# Convergence of a sequence of integers

1. Mar 9, 2010

### Fizz_Geek

1. The problem statement, all variables and given/known data

Given a Cauchy sequence of integers, prove that the sequence is eventually constant.

2. Relevant Definitions and Theorems

Definition of Cauchy sequences and convergence
Monotone convergence
Every convergent sequence is bounded
Anything relevant to integers

3. The attempt at a solution

I can see why the theorem is true. I thought that, since the sequence in nonempty and bounded, the supremum and infimum of the set containing the sequence both exist and that the limit of the sequence must be a number between the infimum and the supremum.
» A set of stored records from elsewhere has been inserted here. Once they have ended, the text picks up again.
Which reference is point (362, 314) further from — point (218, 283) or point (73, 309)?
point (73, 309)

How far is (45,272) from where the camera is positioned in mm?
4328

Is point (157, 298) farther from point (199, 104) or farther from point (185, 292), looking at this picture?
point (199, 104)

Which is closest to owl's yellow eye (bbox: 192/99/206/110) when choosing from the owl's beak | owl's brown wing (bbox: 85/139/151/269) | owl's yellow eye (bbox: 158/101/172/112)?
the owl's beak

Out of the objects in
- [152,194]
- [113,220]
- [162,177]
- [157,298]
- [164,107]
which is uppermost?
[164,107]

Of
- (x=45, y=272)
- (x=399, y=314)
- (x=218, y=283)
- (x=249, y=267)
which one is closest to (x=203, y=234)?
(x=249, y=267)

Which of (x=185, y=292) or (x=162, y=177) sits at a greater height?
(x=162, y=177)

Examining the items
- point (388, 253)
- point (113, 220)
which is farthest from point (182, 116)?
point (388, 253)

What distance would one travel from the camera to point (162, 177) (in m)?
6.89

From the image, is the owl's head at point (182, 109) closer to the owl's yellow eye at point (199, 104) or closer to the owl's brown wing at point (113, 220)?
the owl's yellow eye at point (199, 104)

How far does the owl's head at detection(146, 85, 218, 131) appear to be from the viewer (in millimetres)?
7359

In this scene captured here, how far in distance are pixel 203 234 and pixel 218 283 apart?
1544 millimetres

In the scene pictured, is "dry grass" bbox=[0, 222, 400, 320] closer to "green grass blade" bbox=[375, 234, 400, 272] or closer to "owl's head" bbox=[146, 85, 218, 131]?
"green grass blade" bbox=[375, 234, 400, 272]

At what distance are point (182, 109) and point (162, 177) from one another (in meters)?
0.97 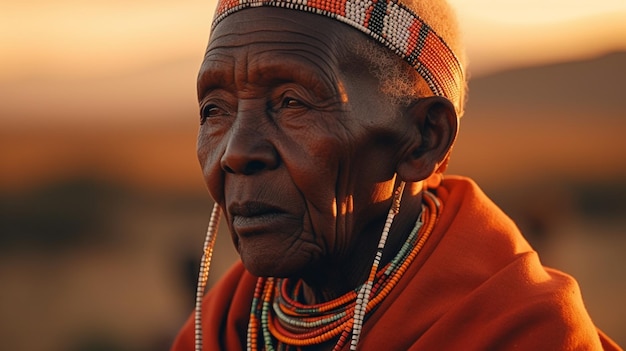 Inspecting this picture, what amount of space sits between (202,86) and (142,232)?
2123 cm

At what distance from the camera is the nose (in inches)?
153

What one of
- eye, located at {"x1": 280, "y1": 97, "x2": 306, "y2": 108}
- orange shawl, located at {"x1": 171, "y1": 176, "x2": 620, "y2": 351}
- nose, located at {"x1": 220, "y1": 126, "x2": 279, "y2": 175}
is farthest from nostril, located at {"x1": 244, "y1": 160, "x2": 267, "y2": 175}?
orange shawl, located at {"x1": 171, "y1": 176, "x2": 620, "y2": 351}

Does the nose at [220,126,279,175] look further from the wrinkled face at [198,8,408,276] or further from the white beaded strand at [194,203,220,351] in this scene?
the white beaded strand at [194,203,220,351]

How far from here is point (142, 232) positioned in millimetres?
25047

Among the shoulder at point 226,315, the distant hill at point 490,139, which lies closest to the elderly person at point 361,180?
the shoulder at point 226,315

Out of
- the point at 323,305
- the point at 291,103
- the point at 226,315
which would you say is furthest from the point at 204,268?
the point at 291,103

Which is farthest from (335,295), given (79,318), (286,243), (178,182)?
(178,182)

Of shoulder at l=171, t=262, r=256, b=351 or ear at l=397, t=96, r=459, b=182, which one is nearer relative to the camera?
ear at l=397, t=96, r=459, b=182

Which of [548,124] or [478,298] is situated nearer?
[478,298]

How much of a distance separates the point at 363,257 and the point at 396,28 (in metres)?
0.86

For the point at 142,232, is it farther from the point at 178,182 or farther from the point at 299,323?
the point at 299,323

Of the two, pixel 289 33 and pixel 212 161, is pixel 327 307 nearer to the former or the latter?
pixel 212 161

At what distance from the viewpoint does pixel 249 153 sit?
153 inches

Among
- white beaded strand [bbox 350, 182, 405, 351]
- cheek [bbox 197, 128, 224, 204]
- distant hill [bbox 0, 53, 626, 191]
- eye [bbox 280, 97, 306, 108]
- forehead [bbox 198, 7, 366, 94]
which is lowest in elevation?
distant hill [bbox 0, 53, 626, 191] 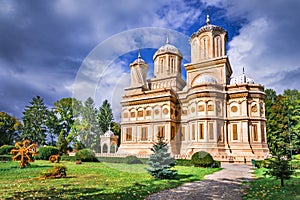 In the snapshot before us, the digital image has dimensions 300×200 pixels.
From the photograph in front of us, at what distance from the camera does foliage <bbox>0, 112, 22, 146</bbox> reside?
45.3 m

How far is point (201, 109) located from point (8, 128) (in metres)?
41.2

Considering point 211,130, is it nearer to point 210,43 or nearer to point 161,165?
point 210,43

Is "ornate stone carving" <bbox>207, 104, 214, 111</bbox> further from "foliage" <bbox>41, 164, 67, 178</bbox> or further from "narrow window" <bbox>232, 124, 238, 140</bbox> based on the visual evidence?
"foliage" <bbox>41, 164, 67, 178</bbox>

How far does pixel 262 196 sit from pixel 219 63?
84.0ft

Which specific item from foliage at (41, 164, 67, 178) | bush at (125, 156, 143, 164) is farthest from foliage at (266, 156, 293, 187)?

But I got stuck trying to prove that the limit is contained within that set (that the limit is also an integer). I don't know if it's my approach that's leading me to a dead end or if there's a theorm I've overlooked or something else entirely. Maybe I'm making it overly complicated? Any help would be appreciated.

2. Mar 9, 2010

### Tinyboss

Look at the definition of Cauchy sequence. Choose epsilon<1. Conclude.

3. Mar 9, 2010

### Mathnerdmo

Start from the definition of a Cauchy sequence.
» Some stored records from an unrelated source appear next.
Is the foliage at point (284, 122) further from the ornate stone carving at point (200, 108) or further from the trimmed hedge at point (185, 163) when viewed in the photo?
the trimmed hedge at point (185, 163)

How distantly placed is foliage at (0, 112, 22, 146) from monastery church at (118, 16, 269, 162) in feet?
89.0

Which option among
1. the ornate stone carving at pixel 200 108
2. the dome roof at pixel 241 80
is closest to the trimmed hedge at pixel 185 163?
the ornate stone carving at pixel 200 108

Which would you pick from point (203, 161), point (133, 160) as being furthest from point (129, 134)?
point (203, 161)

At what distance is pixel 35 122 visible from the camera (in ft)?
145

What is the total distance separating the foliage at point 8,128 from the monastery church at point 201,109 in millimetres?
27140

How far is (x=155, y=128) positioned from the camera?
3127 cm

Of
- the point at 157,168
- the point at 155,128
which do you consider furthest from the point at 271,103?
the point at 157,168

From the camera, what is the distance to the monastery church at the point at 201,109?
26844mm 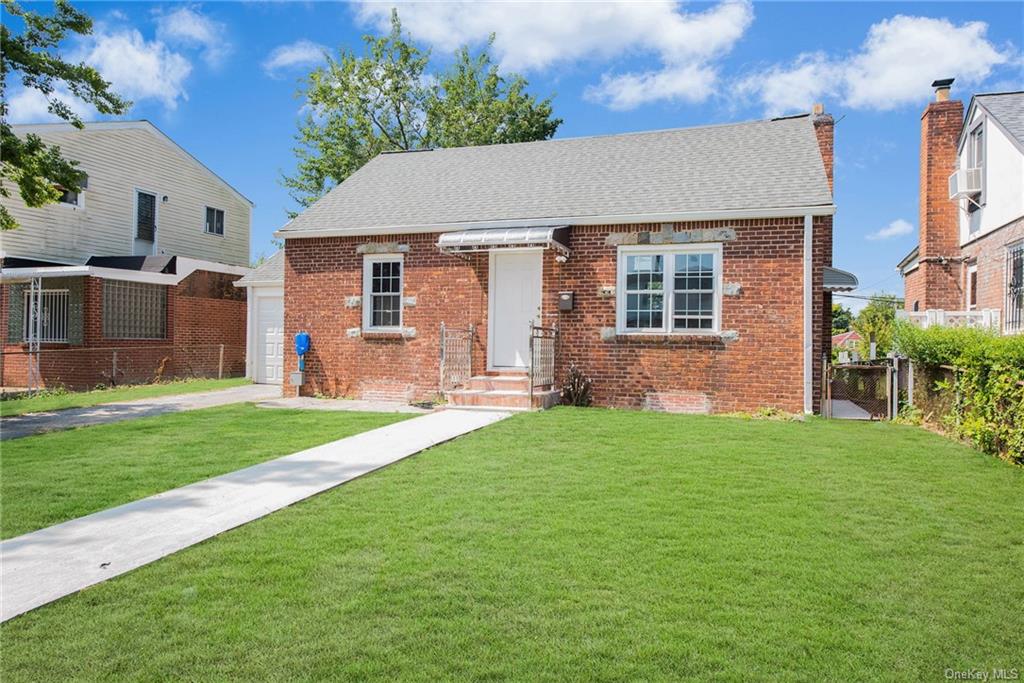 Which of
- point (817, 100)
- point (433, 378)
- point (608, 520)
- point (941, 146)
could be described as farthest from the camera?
point (941, 146)

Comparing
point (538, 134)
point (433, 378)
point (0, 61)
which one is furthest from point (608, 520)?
point (538, 134)

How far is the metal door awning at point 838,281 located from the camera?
11906 mm

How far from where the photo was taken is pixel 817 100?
1401cm

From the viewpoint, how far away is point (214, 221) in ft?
81.5

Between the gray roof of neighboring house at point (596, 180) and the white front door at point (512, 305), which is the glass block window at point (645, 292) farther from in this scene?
the white front door at point (512, 305)

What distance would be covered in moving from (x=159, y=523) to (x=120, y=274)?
49.7 feet

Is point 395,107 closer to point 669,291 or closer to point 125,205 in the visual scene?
point 125,205

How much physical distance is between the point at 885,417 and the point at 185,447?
11.1m

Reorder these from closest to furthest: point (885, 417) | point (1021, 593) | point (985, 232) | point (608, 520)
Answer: point (1021, 593) → point (608, 520) → point (885, 417) → point (985, 232)

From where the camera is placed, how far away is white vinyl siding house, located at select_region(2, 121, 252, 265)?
61.9ft

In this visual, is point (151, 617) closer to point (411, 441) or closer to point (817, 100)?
point (411, 441)

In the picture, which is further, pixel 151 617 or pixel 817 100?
pixel 817 100

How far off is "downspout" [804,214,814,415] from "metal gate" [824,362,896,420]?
620mm

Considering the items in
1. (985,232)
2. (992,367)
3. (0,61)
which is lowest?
(992,367)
It usually starts "For all epsilon greater than zero, [...]"
Can you choose an epsilon that gives your conclusion?

4. Mar 9, 2010

### Fizz_Geek

I'm afraid I don't see what directon either of you are going in. As far as I know, the definition of a Cauchy sequence allows me to make the distance between members of the sequence small--it doesn't make it zero, which is what I need for the sequence to be constant for large n.

5. Mar 9, 2010

### Staff: Mentor

The point Tinyboss and Mathnerdmo are making is that the sequence consists of integers.

6. Mar 9, 2010

### Fizz_Geek

And what does that mean for my proof?

7. Mar 9, 2010

### Staff: Mentor

It says that there is some minimum distance between elements in the sequence.

8. Mar 9, 2010

### Fizz_Geek

Oh! That's right! Thanks so much!